Sunday, May 13, 2007

Mothers Day

It’s Mother’s Day in the States so I’ve been busy calling all the mothers in my life. There’s my step-mom, Joanne, who, on top of being a most wonderful person, may well be my strongest promoter, Carol Roth, my best friend Rick’s mom, who probably saw me as much as my family did much of my youth, and my wonderful mother-in-law, Lydia, who, in addition to birthing a beautiful baby named Rose, always has some cake or some dessert waiting for me when I stop by. I love my many moms.

My real mom, Merle Benoit, died a few years ago.

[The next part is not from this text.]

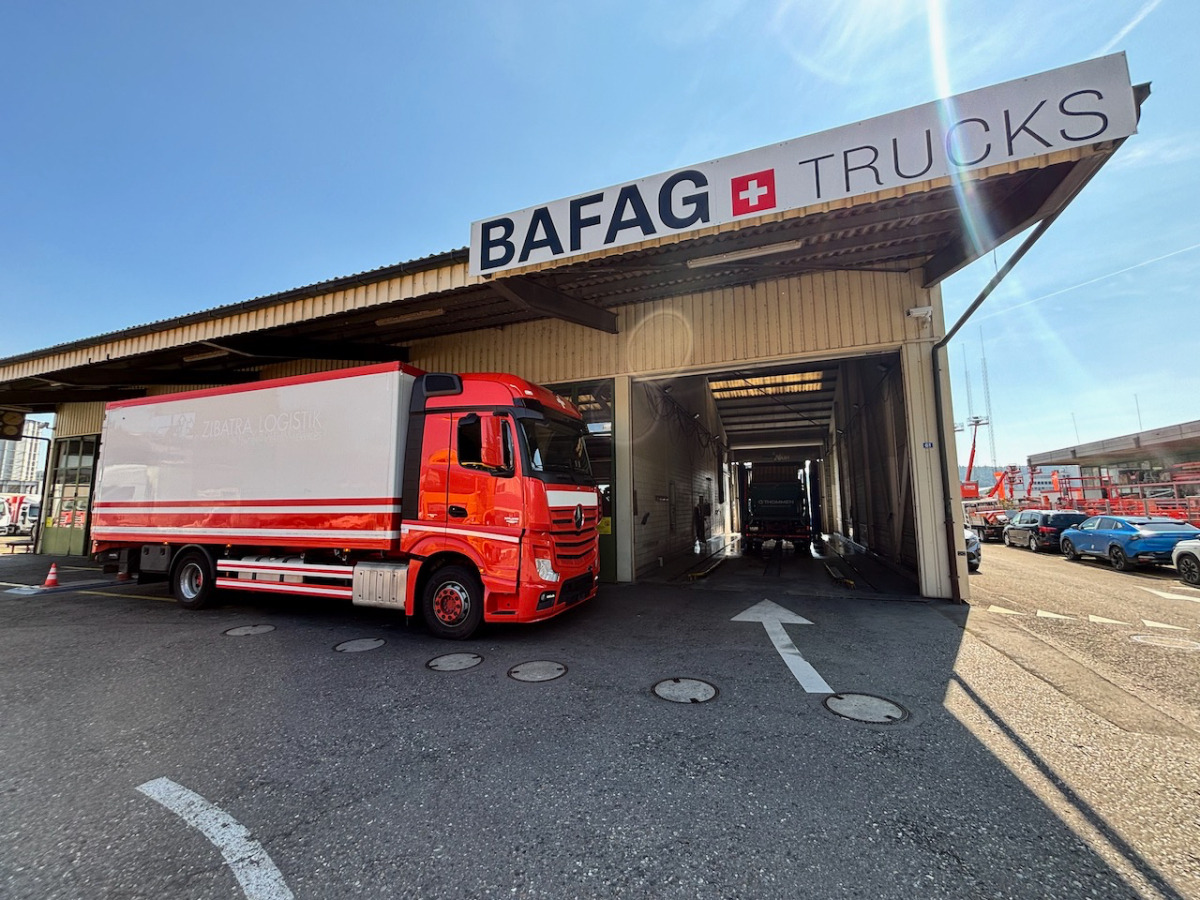 MERCEDES Actros 1848 - شاحنة صندوقية: صورة 2 MERCEDES Actros 1848 - شاحنة صندوقية: صورة 2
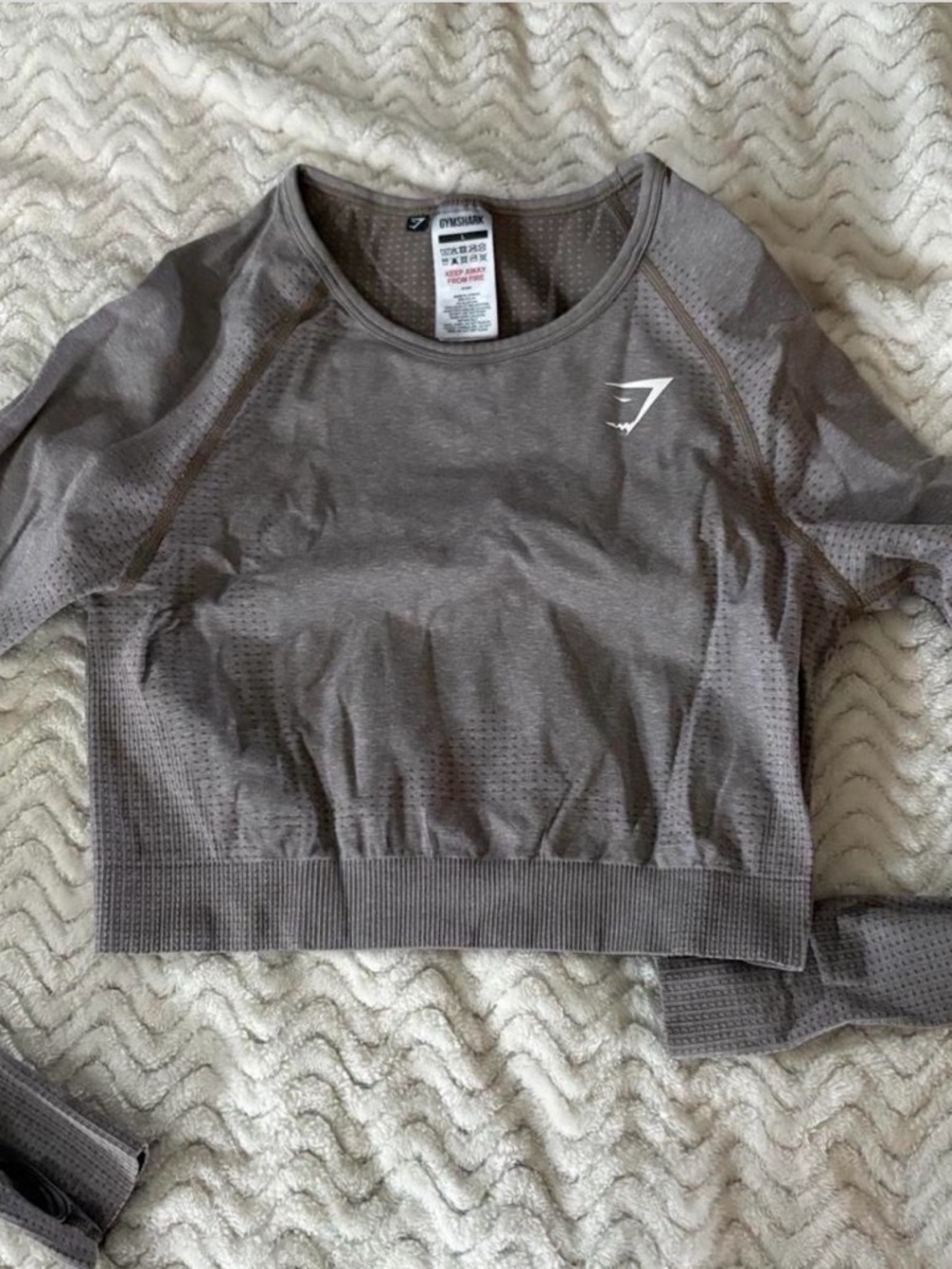 Gymshark Cropped Long Sleeve Top in Taupe Gray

It’s hard to feel sad when I think about her because more than anything, she taught me to laugh – at life and at myself – and even as I write this I’m smiling as I remember all the little things she said and did. They wouldn’t make sense to you but to me they are the source of more joy and happiness than I probably deserve.

She died before Rose and I moved overseas, before I even started writing Relative Danger. She never got to hear about our travels or share in the excitement that came with getting my first book published or the thrill of that Edgar nomination or the rush that comes with seeing a new book hit the stands.

Sometimes people who knew my mom show up at book signings. They often congratulate me on my success and say things like ‘your mom would be so proud of you.’ Yeah, she would have.

But the truth is my mom would have been proud of me if I failed at everything I tried to do. Because she was my mom.

I love my many moms.

And I miss the one I love the most every day.